TASK GOAL: Going through the entries below, work out how many lines have the string "Real" in them. Give the number and nothing more.

::: DATASET RECORDS

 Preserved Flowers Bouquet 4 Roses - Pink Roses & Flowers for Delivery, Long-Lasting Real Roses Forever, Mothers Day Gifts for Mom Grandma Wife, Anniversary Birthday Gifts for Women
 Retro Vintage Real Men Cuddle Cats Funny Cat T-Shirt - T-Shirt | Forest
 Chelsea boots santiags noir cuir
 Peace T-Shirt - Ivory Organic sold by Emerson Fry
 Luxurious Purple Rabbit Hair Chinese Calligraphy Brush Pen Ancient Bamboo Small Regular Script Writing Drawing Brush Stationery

::::::

TASK SOLUTION: 2